BIP 174 thoughts



Summary:

The discussion on the Partially Signed Bitcoin Transactions (PSBT) specification continues. Andrew Chow disagrees with the idea of removing global types from the revised spec, citing that it is less of a breaking change to leave them there than to remove them entirely. He also states that there may be a point in the future where they would be useful/necessary and by having them still be there, we allow for future extensibility. Meanwhile, Andrea suggests that in the revised spec, "global types" as a map or even as typed record can be completely removed since there is only one type (the transaction) and it's compulsory to have one (and only one). After the header + separator, there must be a transaction. She also agrees that having per-input key derivation and per-output data is a lot more handy for signers but has no special feeling regarding the encoding. In an earlier message, the suggestion of having a human-readable part like lightning invoices was brought up, but Andrew does not think this is necessary. The magic code is still necessary for the binary format in order to prevent normal transaction deserializers from accidentally deserializing a psbt.
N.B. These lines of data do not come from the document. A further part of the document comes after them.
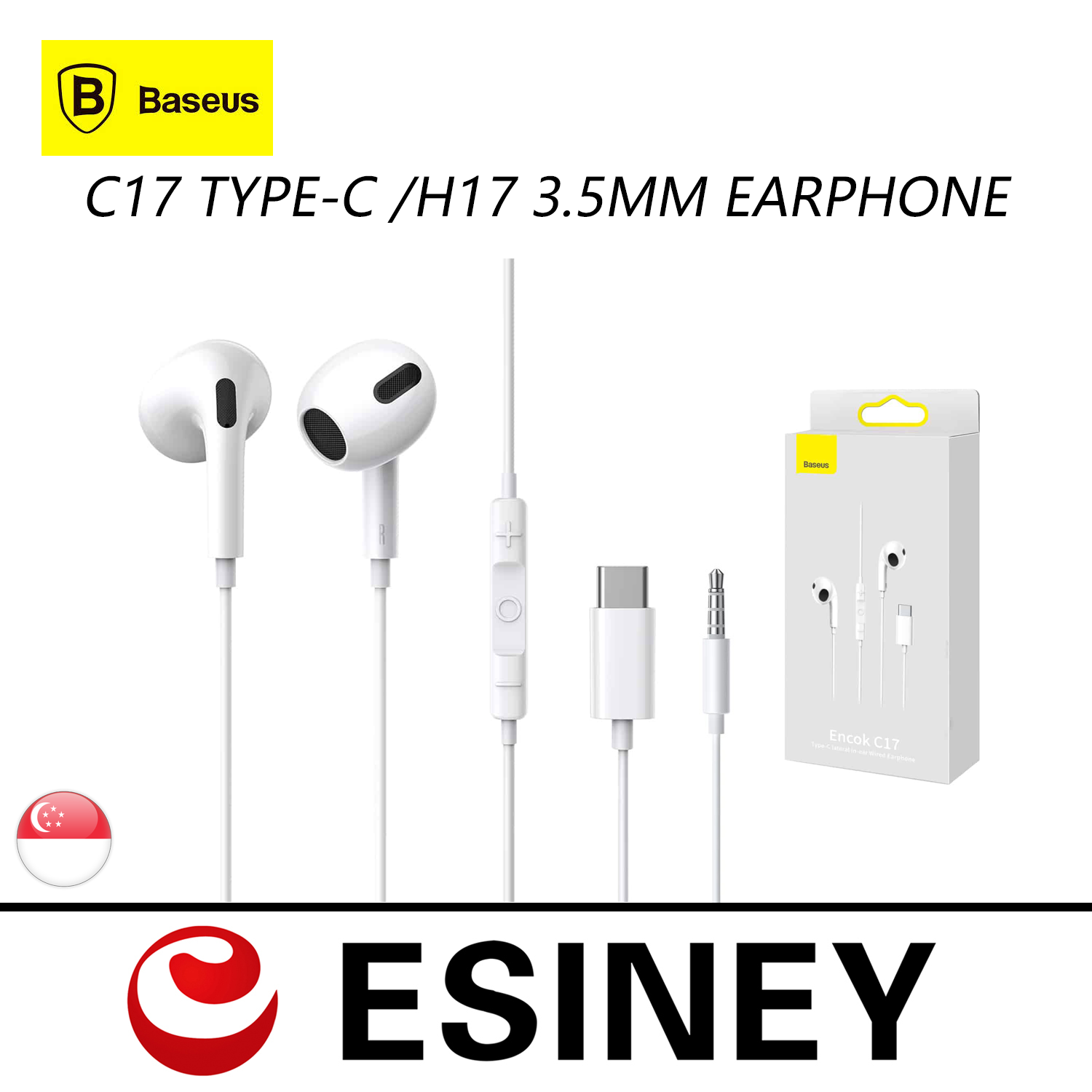 Baseus Encok H17 3.5mm /C17 Type-C Wired In-Ear Lateral Earphone Earpiece Headset Headphone Volume Control Mic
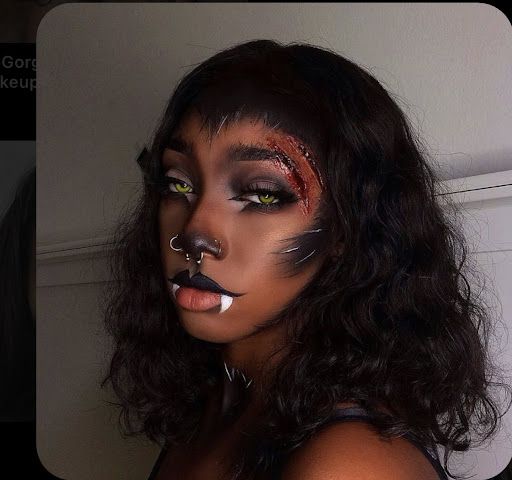 Wolf Nose Makeup, Werewolf Female Aesthetic, Werewolf Cosplay Female, She Wolf Costume Makeup, Wolf Costume Women Makeup, Werewolf Makeup Female Halloween, Werewolf Halloween Costume Women, Wolf Make Up Halloween, Female Werewolf Costume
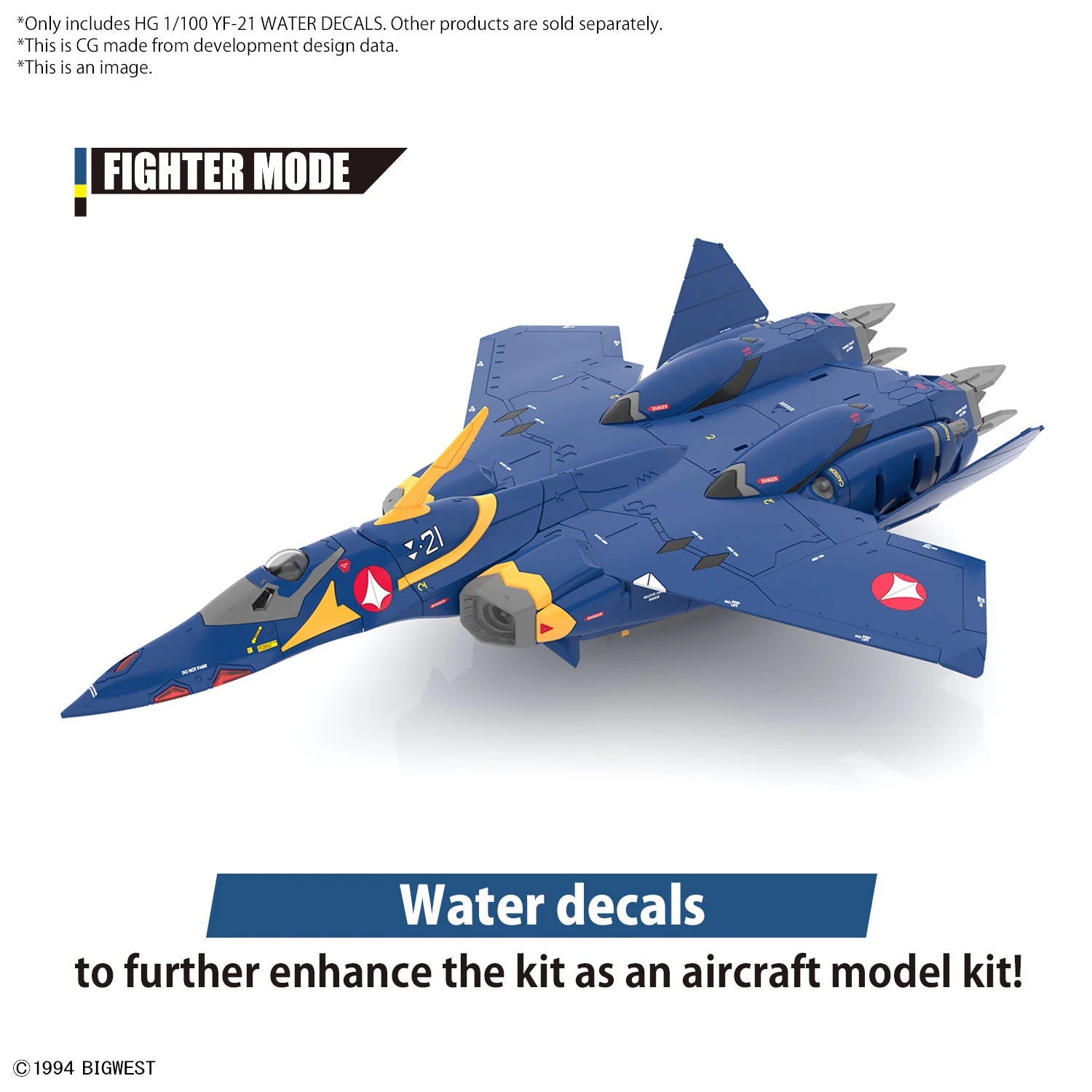 HG 1/100 YF-21 WATER DECALS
While having a base encoding that excludes + and / characters, such as base62 (gmp-style), would be ideal, it is better to use an encoding that most wallets already support. Peter D. Gray thinks that PSBTs should not have a specified encoding but should be binary-only and hex for developers and JSON interfaces. Nonetheless, he acknowledges that strings will likely be the primary way people move PSBTs around initially and favors using Base64 encoding since the strings will be smaller. Additionally, he suggests using a filename extension (.PSBT?) and a mime-type to match for better interoperability. Finally, Andrew agrees with the feedback on the BIP as it stands now and will update Appendix A, define symbols for numeric key values, and work on reformatting the tables.